Jan. Dandelions were always known as 'wet-the-beds' although we weren't usualy so polite and they were more often refered to as 'p*** the beds.'
Esther. I don't know when the sand was first put on the beach at Tower Hill, But it was most definitely there in the fifties. As I mentioned in an earlier posting, it was known as 'the poor man's Southend.'
I remember the small strip of sand chalkey right near the bridge i think..I shall now refer to my previous posting of wet-the-beds as mum would have walloped us as piss would have been a punishable offence!
Hi Chalkey - I remember the escapologist at Tower Hill, too. My memory is that while he was in his sack wrapped up in tightly in chains and padlocks, big swords pushed along the length of the sack underneath the chain-links, he'd have his masked assistant roaming around him cracking a whip (it kept us spectators well out of the way),and collecting money while he rolled and writhed around in his sack to make his escape.
I regularly used to watch this as a boy and was fascinated - a flavour of the the dark history of that part of London (almost a kind of throwback to it) was, I suspect, what made it so memorable to me, a 'taste of those times' that I still recollect vividly some 50+ years later.
It ain't like that around Tower Hill any more, is it? (My, how times have changed...)
Do you - does anybody out there? - know anything about this escapologist and his assistant? Names, personal histories, anything like that? Their act at Tower Bridge (did they perform anywhere else at all?) certainly imprinted the memory of it on me, you, and I suspect, many others.

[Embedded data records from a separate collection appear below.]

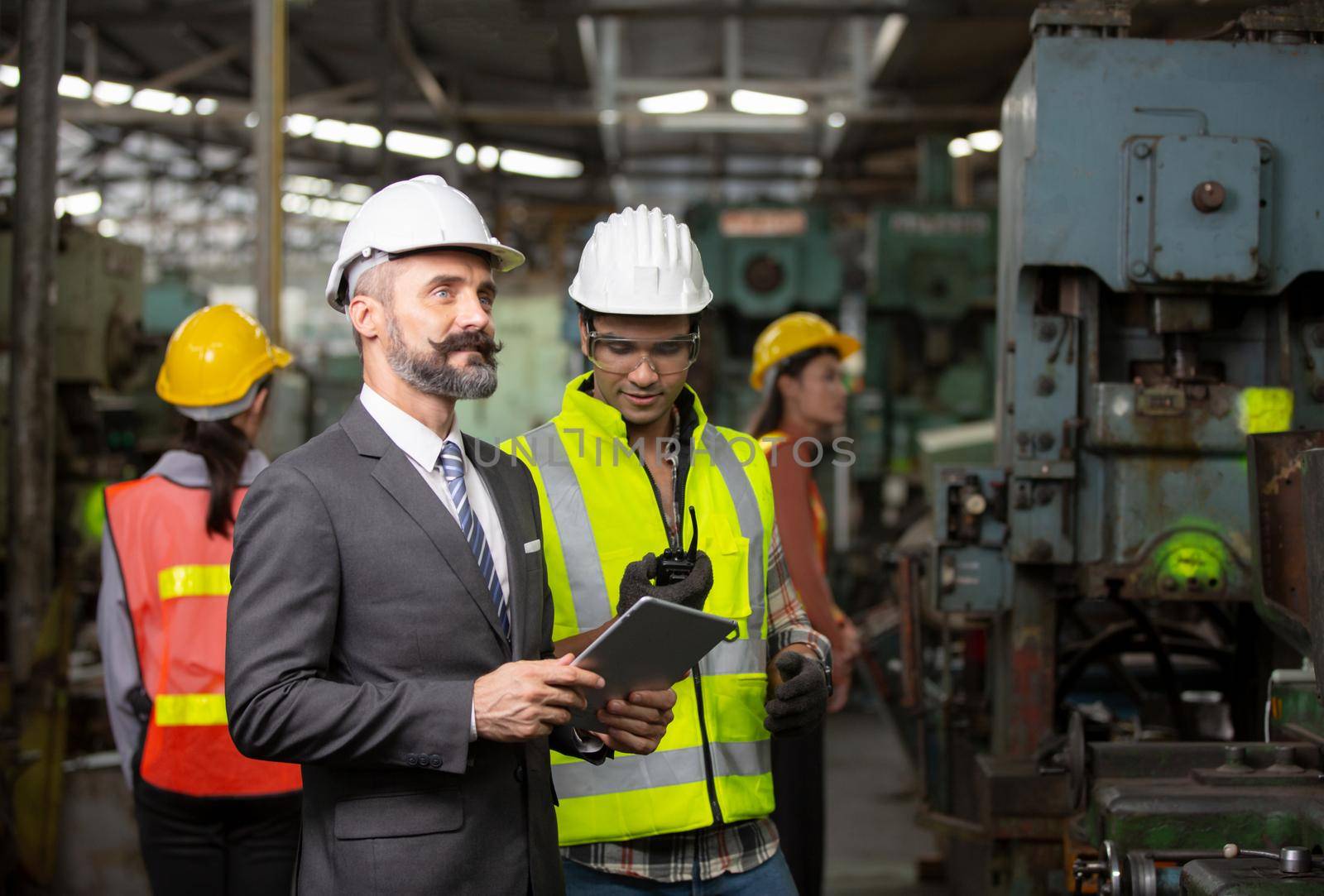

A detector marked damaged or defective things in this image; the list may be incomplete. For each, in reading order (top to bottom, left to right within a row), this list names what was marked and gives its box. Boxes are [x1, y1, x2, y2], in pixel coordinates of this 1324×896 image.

rusty machinery [887, 3, 1324, 887]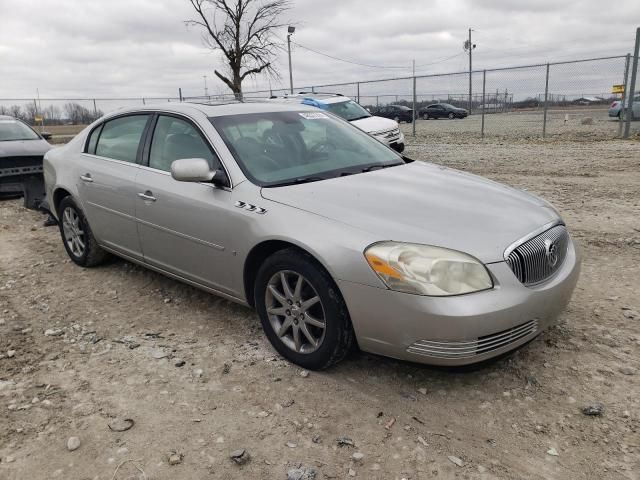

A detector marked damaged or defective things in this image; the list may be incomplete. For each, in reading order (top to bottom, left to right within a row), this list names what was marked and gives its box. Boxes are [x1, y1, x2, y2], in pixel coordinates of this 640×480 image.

dark damaged car [0, 115, 52, 209]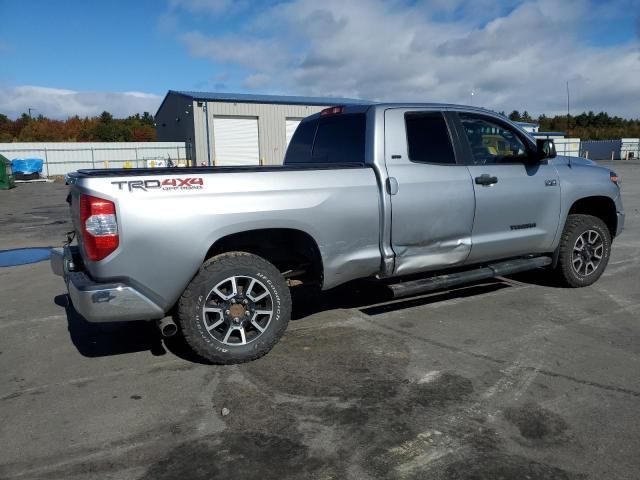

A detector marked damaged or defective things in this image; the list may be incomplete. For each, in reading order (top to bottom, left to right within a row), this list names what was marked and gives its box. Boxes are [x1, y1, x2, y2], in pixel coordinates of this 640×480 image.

dented truck door [384, 107, 476, 276]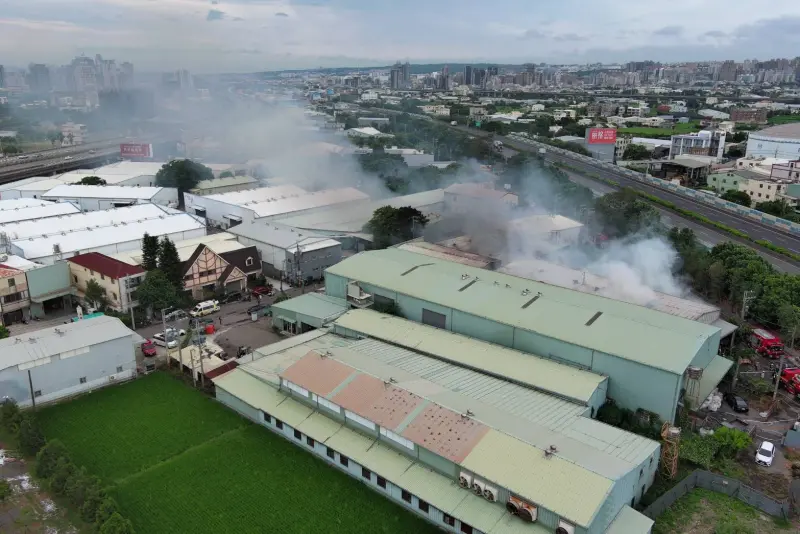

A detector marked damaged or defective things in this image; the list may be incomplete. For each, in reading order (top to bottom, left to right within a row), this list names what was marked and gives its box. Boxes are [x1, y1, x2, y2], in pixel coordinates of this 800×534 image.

rusty roof [282, 352, 356, 398]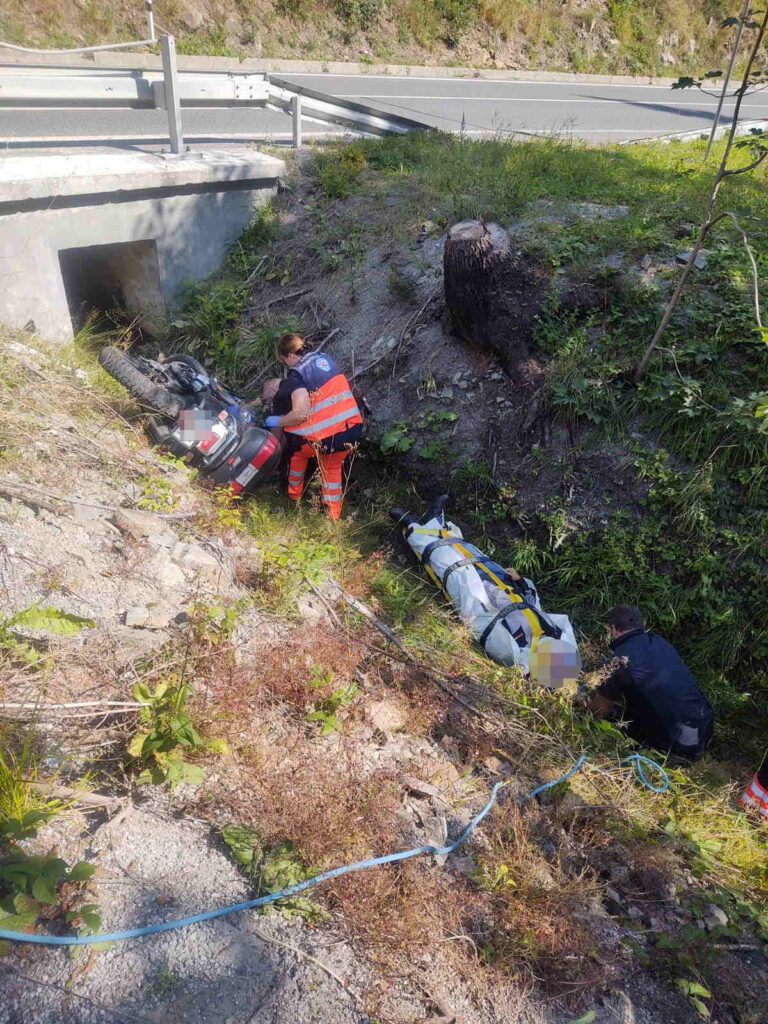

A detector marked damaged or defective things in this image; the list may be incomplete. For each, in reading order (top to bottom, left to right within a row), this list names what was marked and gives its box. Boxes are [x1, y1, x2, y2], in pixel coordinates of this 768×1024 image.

I can't add any more info re the escapologtist, but Tower Hill was a regualr summer Sunday day out for me as a kid back then. I remember I used to also sit on the cannons facing out over the Thames. So long since I was there, (over thirty years,) so don't know if the cannons are still there. Don't see why they shouldn't be. I do hear that they now have a lady Beefeater there. Whoops! Sorry, 'Yeoman of the guard.'
I'm all for equality, but if it's a woman, how can she be a Yeo-MAN of the guard? Have they got a new title for the now mixed company?
Interesting article, Tom, but it does bring back the memory of when my youngest daughter picked a dandelion head for the first time and took a deep breath in readyness for blowing the seeds and got a lungful. Lesson learned.
Interesting too reading the comparison of the nutritional value of dandelions compared to spinach. Don't know if it's factual, but I did hear once that although spinach is very high in iron content, our bodies cannot release it during digestion. So it's only value is as a green vegetable and not a rich source of iron. Sorry Popyey.